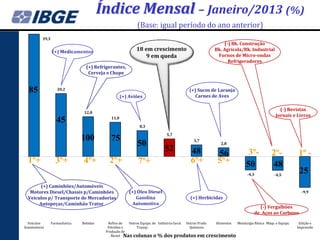 Índice Mensal – Janeiro/2013 (%)
                                                            (Base: igual período do ano anterior)
          39,3
                                                                                                            (-) Bk. Construção
                 (+) Medicamentos                           18 em crescimento                           Bk. Agrícola/Bk. Industrial
                                                                9 em queda                               Fornos de Micro-ondas
                                                                                                              Refrigeradores
                                  (+) Refrigerantes,
                                   Cerveja e Chope


  85                20,2                                                                 (+) Sucos de Laranja
                                                     (+) Aviões                             Carnes de Aves

                                                                                                                                            (-) Revistas
                                 12,8
                                              11,0
                                                                                                                                          Jornais e Livros
                    45
                                                             8,3

                                                                             5,7
                                100           75                                            3,7
                                                            50                                             2,8
                                                                            52            48                              3º-           2º-
                                                                                                         56                                          1º -
  1º+              3º+           4º+         2º+             7º+                          6º+            5º+             50             48
                                                                                                                          -4,3           -4,5
                                                                                                                                                      25
        (+) Caminhões/Automóveis
   Motores Diesel/Chassis p/Caminhões                    (+) Óleo Diesel                                                                               -9,9
  Veículos p/ Transporte de Mercadorias                     Gasolina                      (+) Herbicidas
       Autopeças/Caminhão Trator                          Automotiva
                                                                                                                                (-) Vergalhões
                                                                                                                              de Aços ao Carbono

  Veículos       Farmacêutica   Bebidas     Refino de  Outros Equips. de Indústria Geral Outros Prods. Alimentos Metalurgia Básica Máqs. e Equips.    Edição e
Automotores                                 Petróleo e     Transp.                         Químicos                                                  Impressão
                                           Produção de
                                              Álcool Nas colunas o % dos produtos em crescimento
 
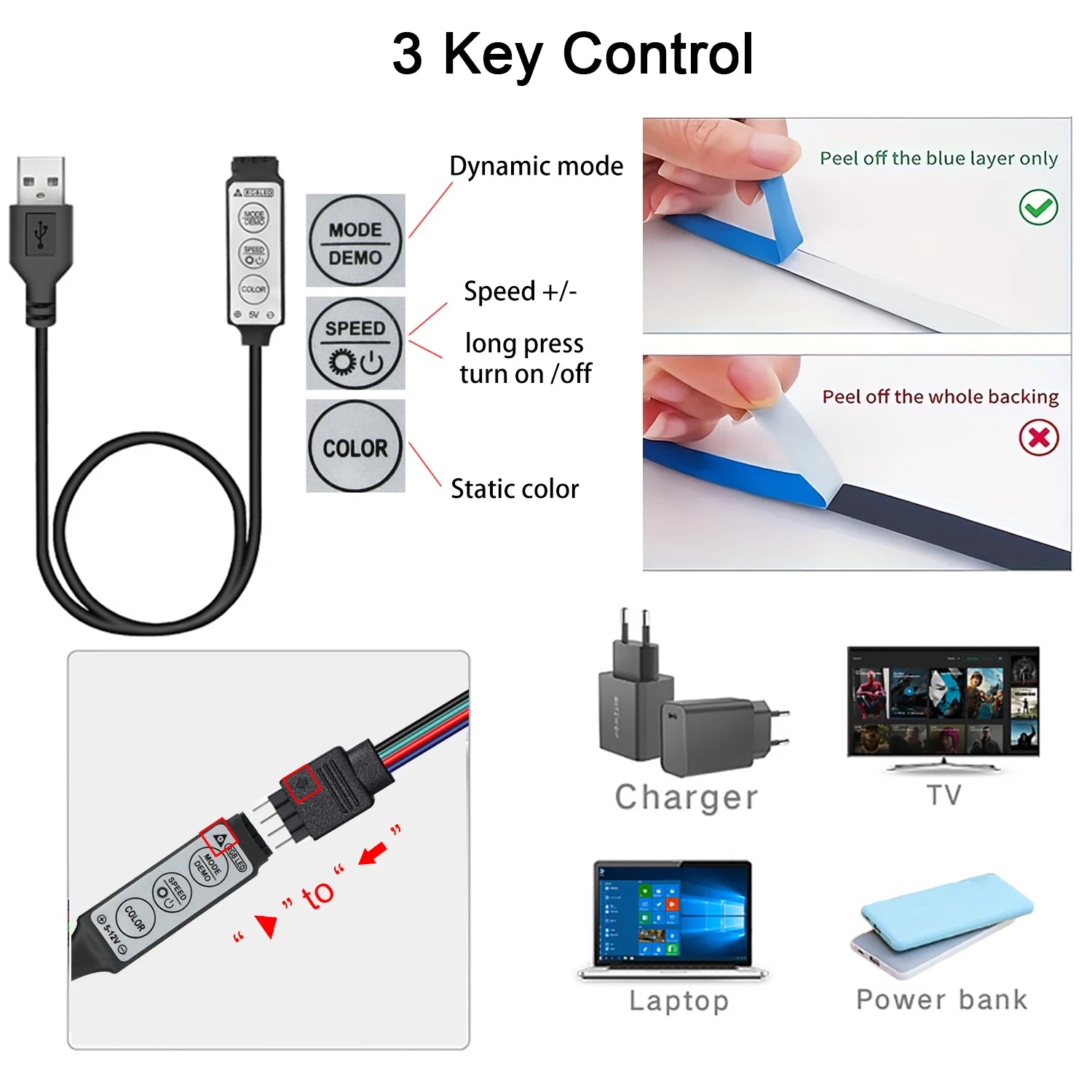 LED Strip Lys til TV & Værelse – USB RGB Baggrundsbelysning med Kontrol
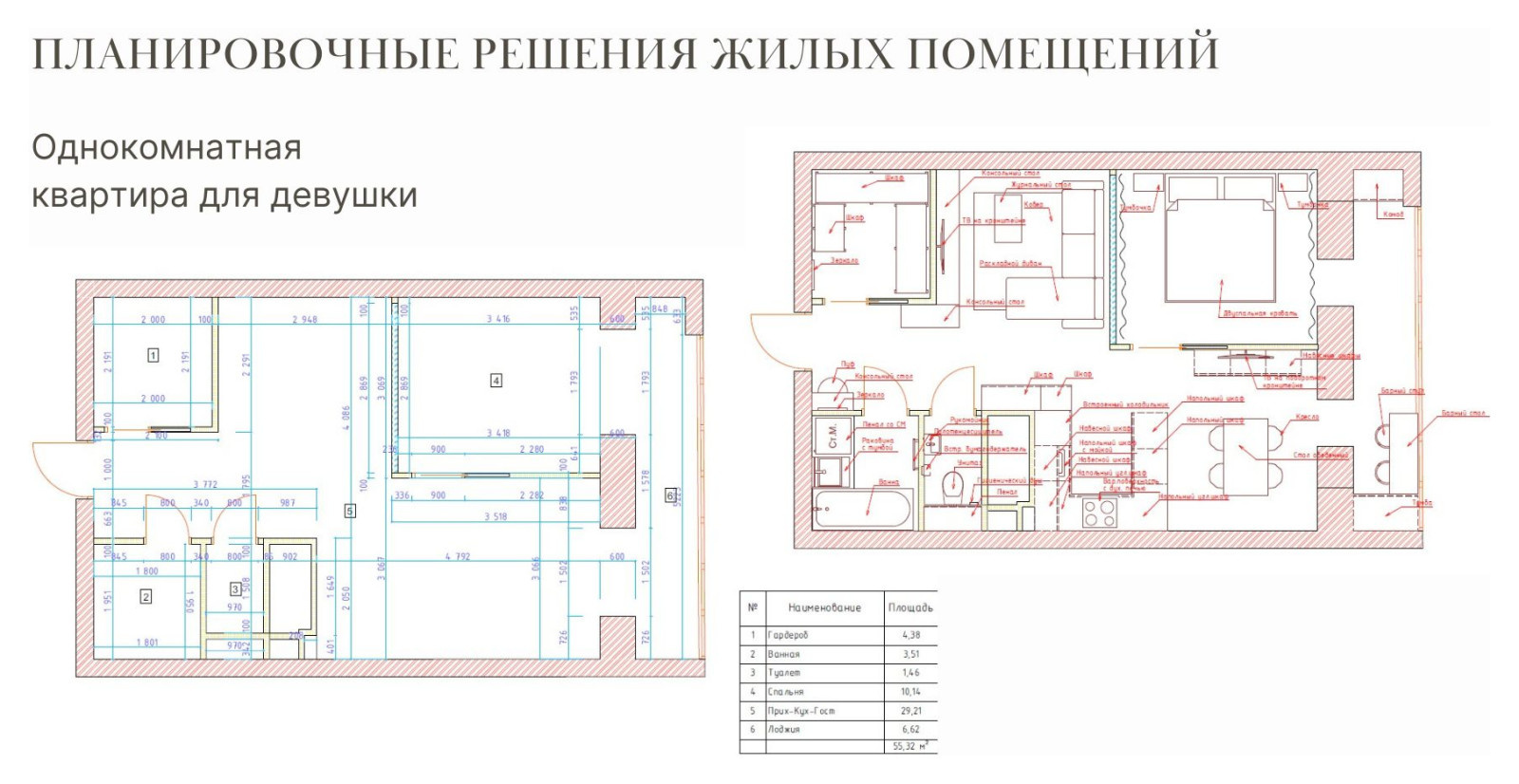 Планировочные решения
· · · · · · ·
- [What this task involves]: All lines of the listing holding the string "Veículos" must be returned, copied as they stand.

- [Answer section]:
  Veículos p/ Transporte de Mercadorias                     Gasolina                      (+) Herbicidas
  Veículos       Farmacêutica   Bebidas     Refino de  Outros Equips. de Indústria Geral Outros Prods. Alimentos Metalurgia Básica Máqs. e Equips.    Edição e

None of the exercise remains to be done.